I left Arusha with some trouble with my tour operator company (Victoria Expeditions). I had already paid for a semi-organized 5 day holiday in Zanzibar but they didn't hold up their end of the bargain. Apparently someone in the chain had not done his job and ran with the money. So they bought me a last minute ticket to Zanzibar. Once there, no one was waiting for me at the airport like it was supposed. I finally got to the planned hotel but I wasn't a happy camper. If that wasn't enough, it is the end of Ramadan (Eid-El-Ftir...) soon here and Zanzibar is very muslim! They cannot eat or drink anything (even water in this heat!) all day. This must not be good or logical for the body. Therefore my driver clearly appeared delusional, sure signs of malnutrition or dehydration... He was talking loud and fast in a mix of swahili and broken english and laughing hysterically at himself while repeating AKUNA MATATA (No problem!) while driving. I didn't know if I was more scared for him or the fact that I was in a moving vehicle with him...

Now the guys in Zanzibar told me that they hadn't received money from their counterparts and couldn't do anything that was promised until they got money. I was starting to be a livid shade of purple! I had to clarify everything (i.e. receipt as proof) with them which cost me some valuable holiday time. After some convincing threats and several hours of debating over the next few days, I finally got most what I paid for because they received "some" money and my flight ticket out to Nairobi. I might still lose some money over this because I had to pay for some transport and the hotel in the beach area. At this point, I couldn't wait for them to get their fingers out of their noses any longer... I don't know where the truth lies and I will probably never know. The way they do business here is not the way it's done anywhere else...

Beach close to Stone Town (Spice Tour)
Beach close to Stone Town (Spice Tour)
Regardless, the next morning I left for the very interesting all-day Spice Tour. At one point Zanzibar was also reknowned for it's spices and was appropriately named the Spice Island! We drove to a governement research / demo spice plantation where they grow several spices and fruits for educational purposes and the benefit of tourists. The guide showed and explained the usefulness of a variety of plants. We saw banana tree's, cumin (curcumin), vanilla, ginger, cardamon, cinnamon, cloves (Clou de girofles), ylang-ylang, nutmeg (Muscade!!! Special WOUF! (Hello) to an old friend...long story!), pepper (Which can supply / make all 5 colors), hot pepper, pineapple, coffee, etc...

Sultan's Persian Baths
Sultan's Persian Baths
We then went to the Sultan's Persian baths (See pic). This structure served as a relaxation (i.e. sauna, massage) area for the Sultan of the time and his court. Sultan rule of Zanzibar was still in effect under British protectorate in the early 1900's.

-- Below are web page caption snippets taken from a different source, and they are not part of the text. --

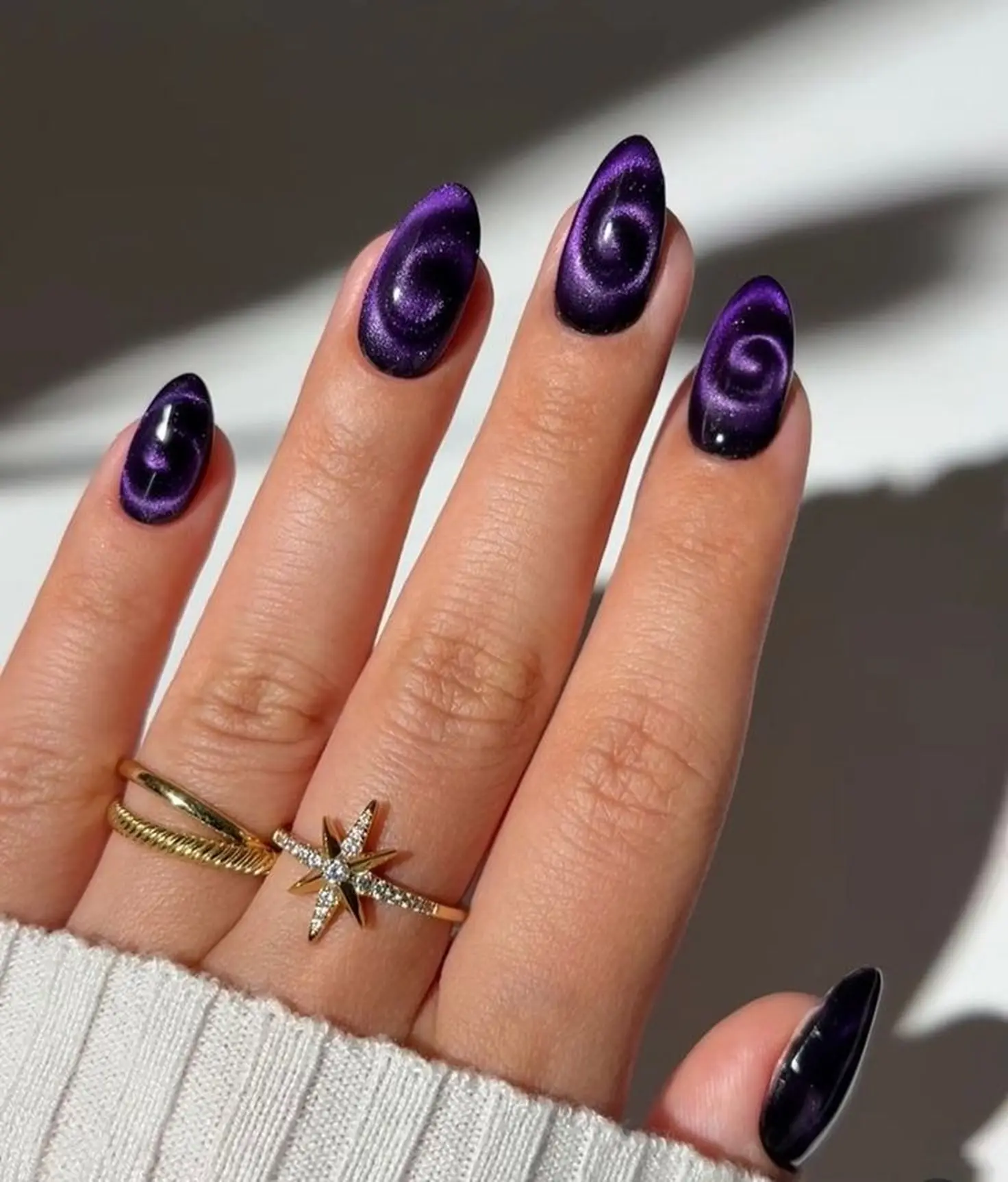 Purple velvet blooming gel cat eye nails using trending technique creating unique dimensional winter manicure design perfect for 2025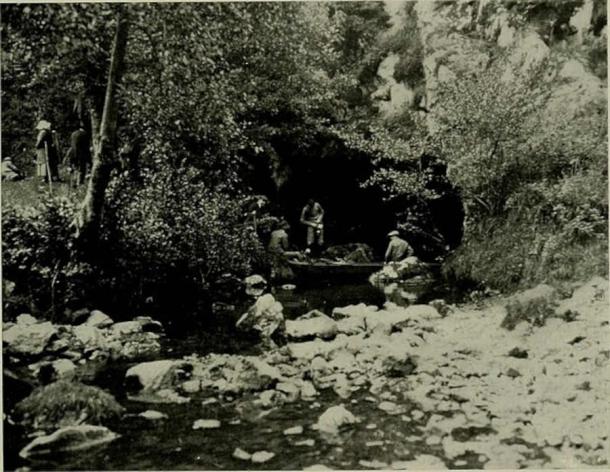 Montesquieu-Avantès, Ariège, Midi-Pyrénées, France. Entrance to the cave of Tuc d'Audoubert, where the river Volp comes back to the surface. Henri Begouën's sons and other people with the raft they used to enter the cave. Photo taken on July 20th, 1913, or 1914, the Begouën family celebrating the "discovery" of the cave (that is, the discovery of its paleolithic art, starting on July 16, 1912). (Public Domain)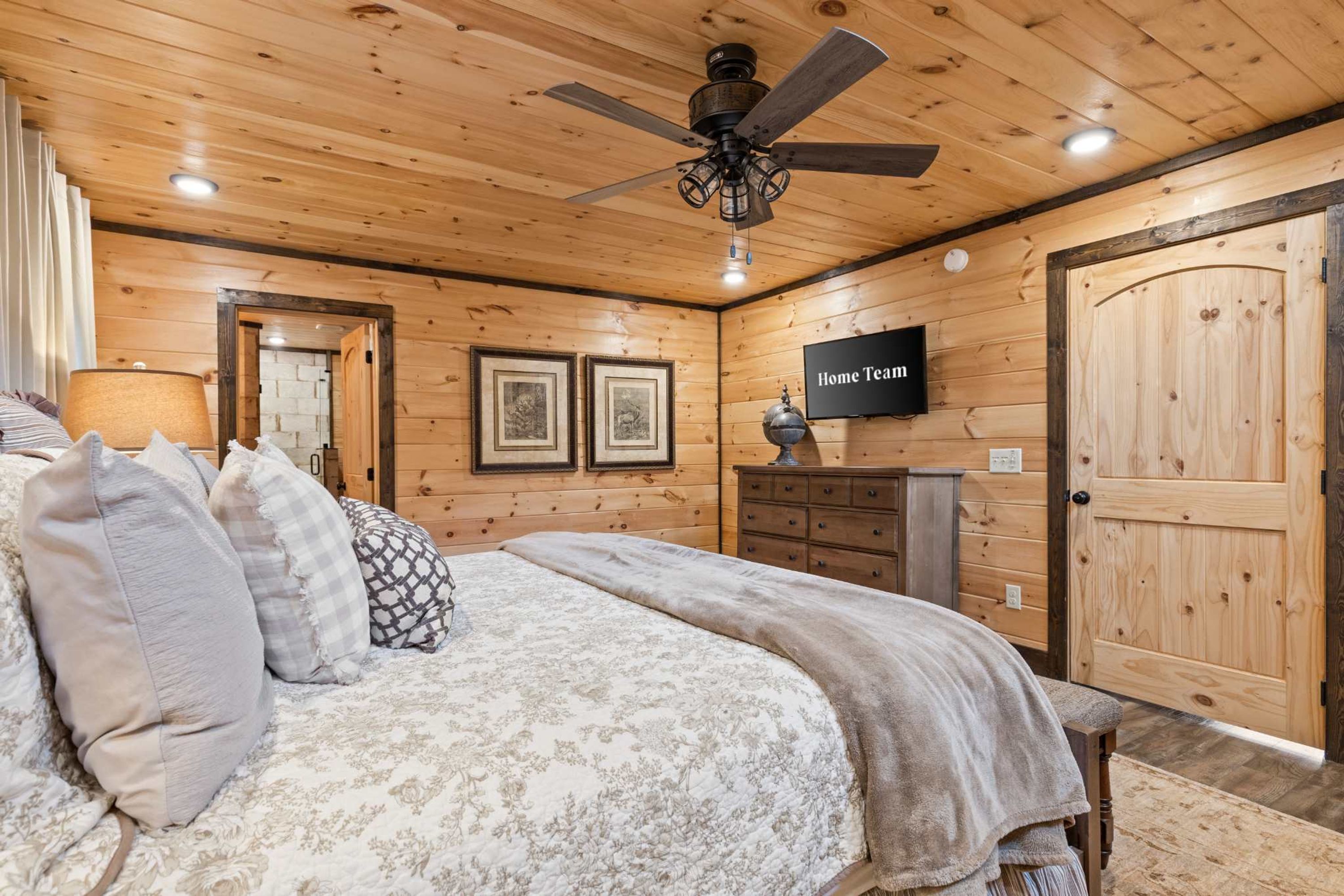 A bedroom with a bed, pillows, a ceiling fan, a dresser, a TV, and wooden walls.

We went on to have lunch at a local village where we had rice flavored with 5 types of spices and a vegetable stew. We all sat down on the floor in a communal area to enjoy this meal which was OK.




Slave Chambers
Slave Chambers
Next stop was the Mangapwani underground slave chambers (See pic). As you know, the African slave trade was an accepted practice by "civilized" countries for many many years until the British (guilty themselves...!) started the ball rolling to abolish the slave trade. Zanzibar was one of the major hubs to ship slaves to the Middle East and Asia. At this point slavery was still practiced illegally because it was lucrative. Like anything in Africa... it take's some time... Therefore, some built small secret holding areas close to the beach for slaves awaiting to be shipped. They were stored (i.e chained) in cramped quarters (i.e. hot, humid, dirty...) over two levels maybe 4 feet apart, 100's at a time with minimal food and water. The chambers were partially built underground so not to attract attention from the authorities in these lush jungles. Personal opinion here that not everyone could share but... it is sickening to see just what humans can do to other humans just for money, religion, and / or just for power... and it still continue's today...! I think Darwin's theory of evolution still needs a few years of practice before we become truly "civilized"...!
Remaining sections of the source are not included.